お気に入りのゴッデンの作品・・・なんだけど、これはちょっと入り込みづらくて、何度目かのトライでやっと読破。話の波に乗り切れたら面白かったんだけどね。しかし今回も、2回も図書館で延長にしてもらっちゃった。

イギリスの小さな町に住む母親と5人の子どもたちは、休暇でフランスを訪れる(でも「バカンス」というほど優雅な旅ではない)。なのに母親が病気に倒れ、子どもたちは南フランスのホテルに居候するはめになり、美しく、静かだけれど波乱に満ちた一夏を過ごす・・・というゴッデンの実体験に基づいたお話だそうな。

2番目で13歳のセシルが語り手役なんだけど、大人になること、大人の女になること、への葛藤。垣間見える、複雑な大人たちの人間関係。美しい16歳の姉・ジョスへの憧れと、嫉妬、入り混じった気持ち。大人になっていく体への視線・・・などなどが、すごくまっすぐに描かれている。いやー、13でこんなに突きつけられるのはすごいわ。でもミステリ仕立てで面白い。The Greengage Summer by Rumer Godden, 1958.

6/18 ホーギー、そして失うことについて。
★52『フィッツジェラルドをめざした男』 デイヴィッド・ハンドラー 河野万里子訳 (講談社文庫) 1992

ホーギー・シリーズ3作目。今回は、鮮烈なデビュー作を放った若き天才作家キャメロン・ノイエスの伝記の仕事が舞い込んだホーギー。まだ20代前半、ハンサムで破天荒で才能があって・・・と全てがそろっているようなノイエス。
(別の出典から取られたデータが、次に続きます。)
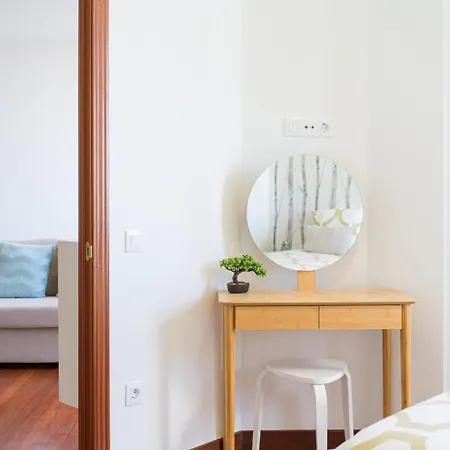 Apartament Bright Townhouse - Views - 5 Min Walk To The *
「スチュアート・ホーグ以来の大型新人」と言われている。

いやー、今回のはテーマがとてもよかった。こういうテーマで一度レポート書いてみたかったくらい(^^;)。これでミステリ小説が書けるなんて素敵。タッチがちょっと軽くなった気はするけれど、面白かった。ホーギー君は、挫折も味わって、でも生きていかなきゃね、というスタンスでそこが好き。

そうそう、小説の冒頭で、ノイエスの「左腕の二頭筋には、『失うために生まれた』という文句が入れ墨されている」とある。これ、Ray Charlesのヒット曲、"Born To Lose"からだな、きっと。
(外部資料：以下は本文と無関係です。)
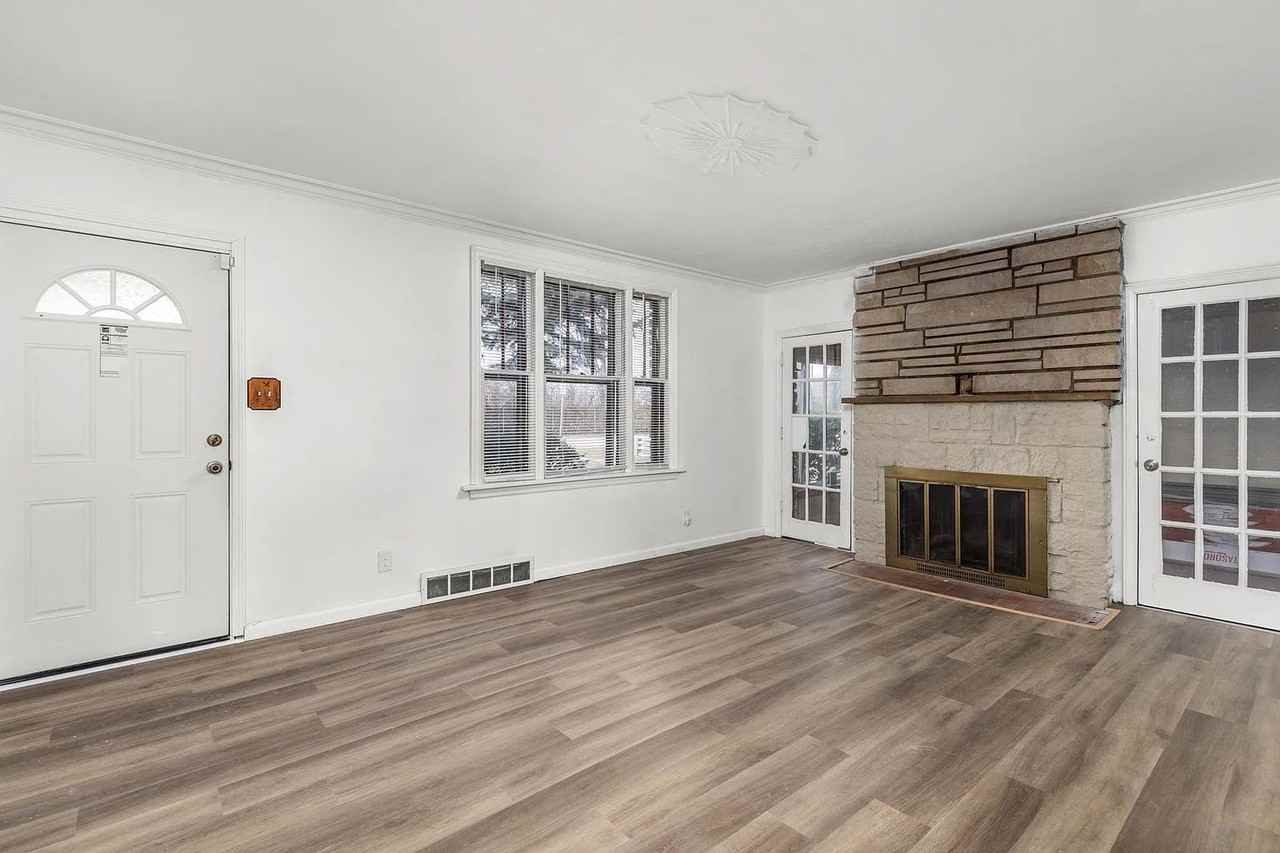 6320 Graham Rd - Photo 3 of 22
この"Born To Lose"は、村上春樹の『ダンス・ダンス・ダンス』に出てきて、ずっと聞いてみたいなあ、と思っていた。主人公の「僕」が死んだ飼い猫を埋めて帰る車の中で、ラジオから流れる。
それからアナウンサーがここでオールディーズを一曲、と言った。レイ・チャールズの「ボーン・トゥー・ルーズ」だった。それは哀しい曲だった。「僕は生まれてからずっと失い続けてきたよ」とレイ・チャールズが歌っていた。「そして僕は今君を失おうとしている」。
(『ダンス・ダンス・ダンス』上 講談社文庫 p.37)
こないだやっとCDを買った。ワーナーの The Definitive Ray Charles。何も失ってなんかいなさそうなノイエス君の腕に入れ墨してある、その対照がおもしろいかも。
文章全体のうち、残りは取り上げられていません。